His signature move was called the “Karelin Slam” where he would literally pick up his opponents, often weighing 300 pounds or 135 kilograms, and throw them to the matt. The move award 5 points which were the most possible in the sport. It was a move that was often performed in lower weight classes, but almost never at the super-heavyweight level because of the strength required.
This is the sort of thing would you normally see in professional wrestling, but Karelin performed it over 800 times in competition.
With his 1987 loss, he started an incredible winning streak. He won the world championship nine times from 1989 to 1999. He won the wrestling world cup twice. He won the European Championship twelve times. Biggest of all, he won the Olympic gold medal in Men’s Greco Roman Wrestling super heavyweight division in 1988, 1992, and 1996.
Not only was he the first three-time gold medalist in the sport, but he also became the first person ever to win medals for three different Olympic teams. In 1988 he competed for the Soviet Union, in 1992 he competed for the Unified Team, which was the team they threw together after the Soviet Union fell apart but the remaining countries hadn’t created Olympic teams yet, and in 1996 he competed for Russia.
At each one of these Olympics, he was also the flag bearer for the team in the opening ceremony.
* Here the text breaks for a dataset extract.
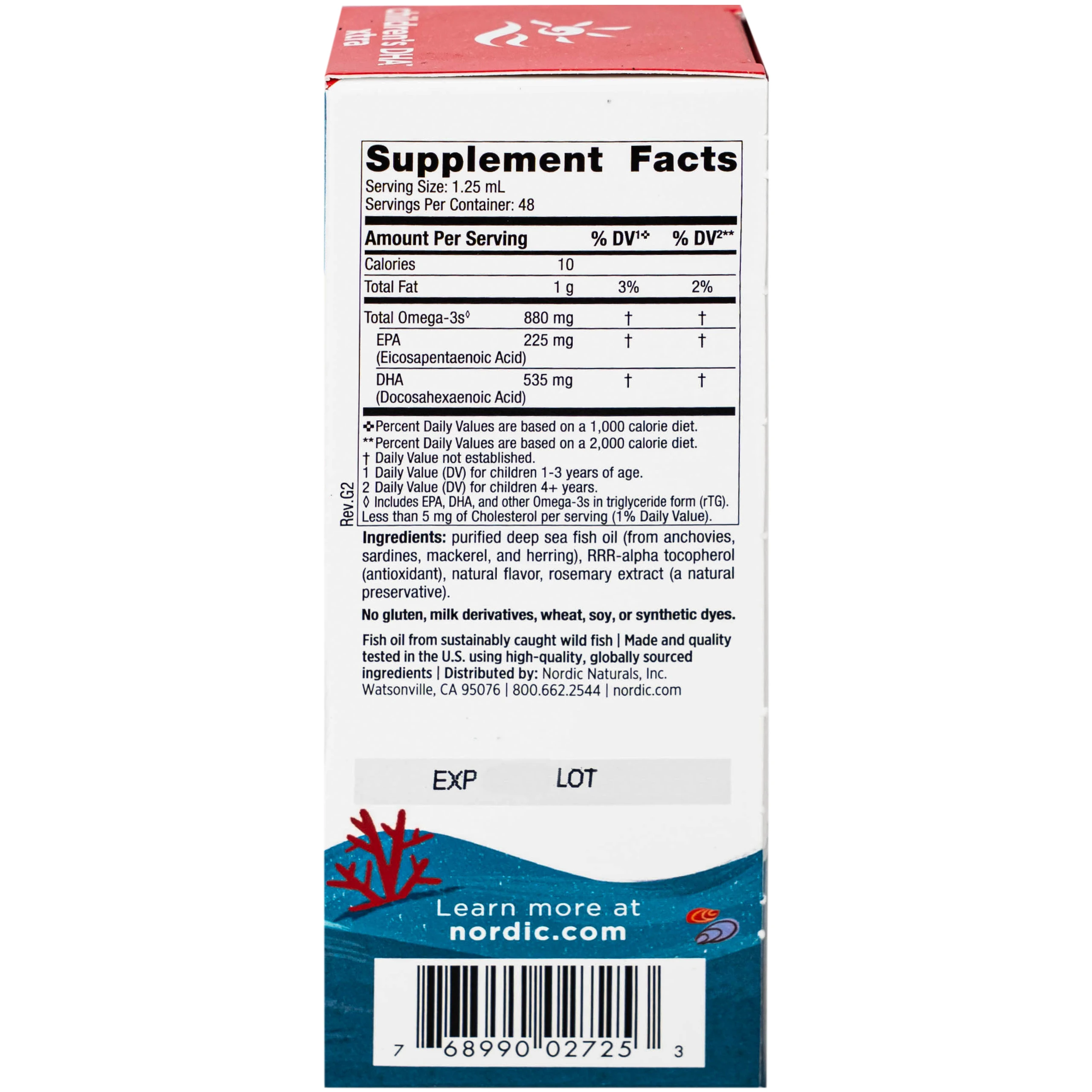 Dung dịch hỗ trợ cải thiện thị lực cho trẻ từ 1 tuổi Nordic Naturals Children's DHA xtra (60ml)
Even holding the flag was a feat of strength for him as he held the flag outright with one hand.
Coming into the 2000 Olympics in Sydney, he was the overwhelming favorite to win a fourth gold medal.
He was on a 13-year winning streak, dating back to his only defeat in 1987. In fact, over the previous six years, not a single point was scored against him in competition. He was completely and absolutely dominant.
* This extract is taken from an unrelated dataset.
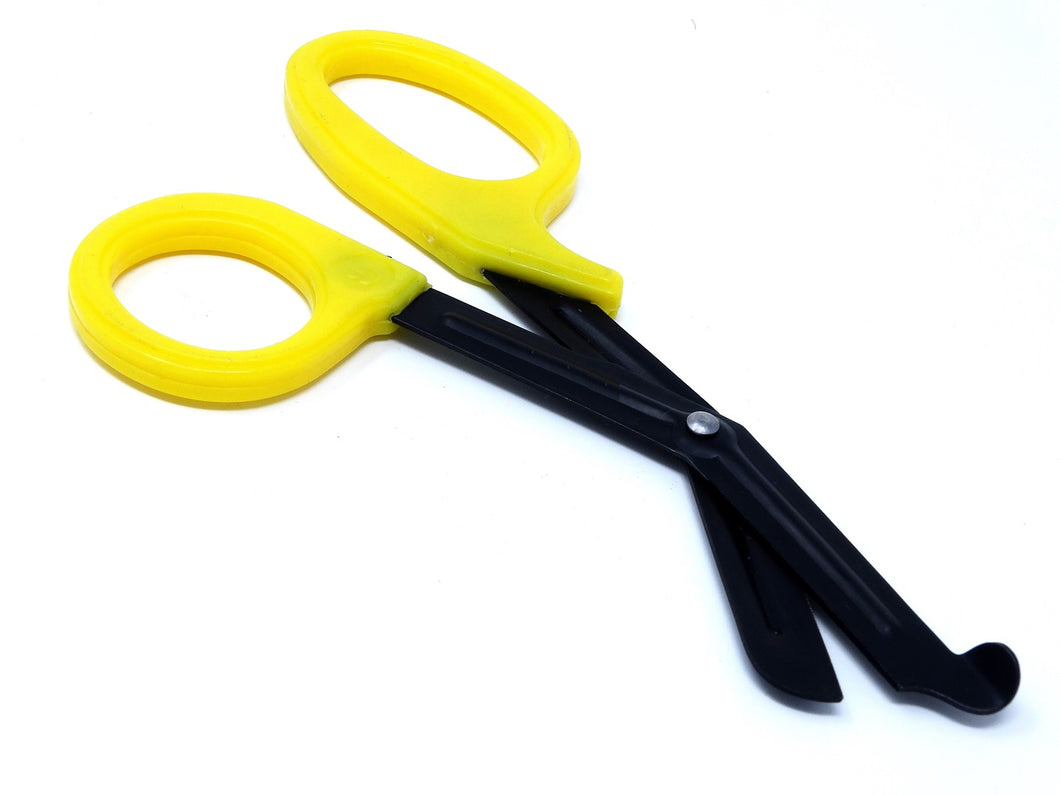 Yellow Handle with Fluoride Coated Black Blades Trauma Shears 7.25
Going into the gold medal match in Sydney, his lifetime record was 887 wins and 1 loss. The gold medal match was to be his final match as a competitor as he decided to retire afterward.
His opponent was American Rulon Gardner. Gardner was a good wrestler. Good enough to make it to the Gold Medal round, but he was no Aleksandr Karelin. No one was.
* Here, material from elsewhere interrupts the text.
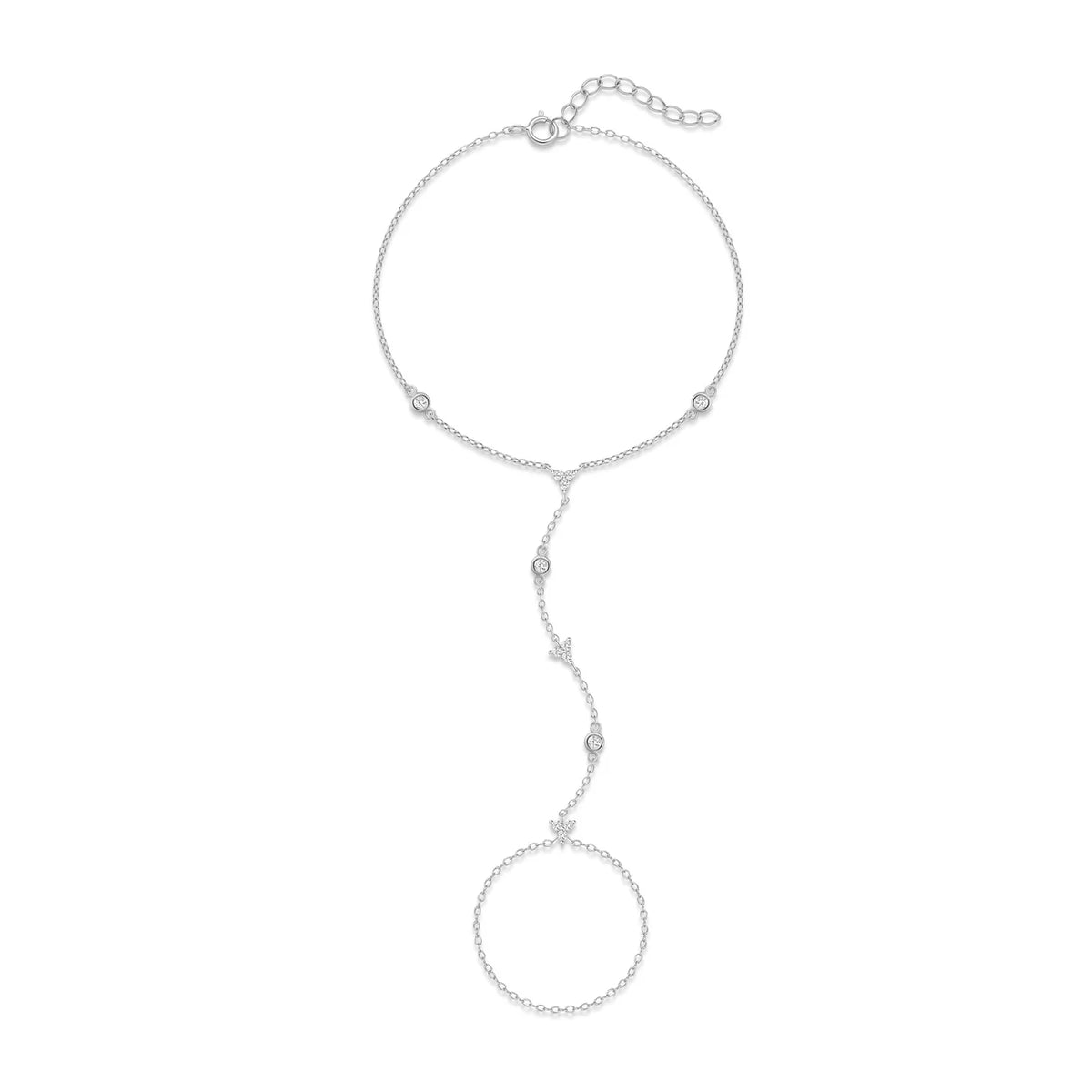 Bracelet Charme Femme en Argent 925 – Zircon Œil de Cheval & Chaîne Anneau | Or & Argent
During the match, Karelin looked dispirited. He wasn’t the angry madman people were used to. Gardner stunned the crowd by scoring a point against Karelin. The first time anyone had scored a point in six years.
Gardner held on to win by a score of 1 to 0.
His last match ever and for the first time in 13 years, Karelin had lost.
While it would have been a storybook ending, it didn’t really change his legacy.
He was voted the greatest Greco-Roman wrestler of the 20th century by the International Federation of Associated Wrestling Styles. He was inducted into the International Wrestling Hall of Fame in 2003, and he was also named a Hero of Russia.
The impression might have given you was that Aleksandr Karelin is a brute or a muscle head. Nothing could be farther from the truth. He came from a family of intellectuals who wound up in Siberia because they were exiled there by Stalin. He himself earned a Ph.D. and a law degree and was elected to the Russian Duma.
To this day, Karelin has a hard time talking about his loss in the 2000 Olympics. It was a black mark on an otherwise perfect career.
Despite losing his last match, Aleksandar Karelin will go down as amateur wrestling’s GOAT: The Greatest of All Time.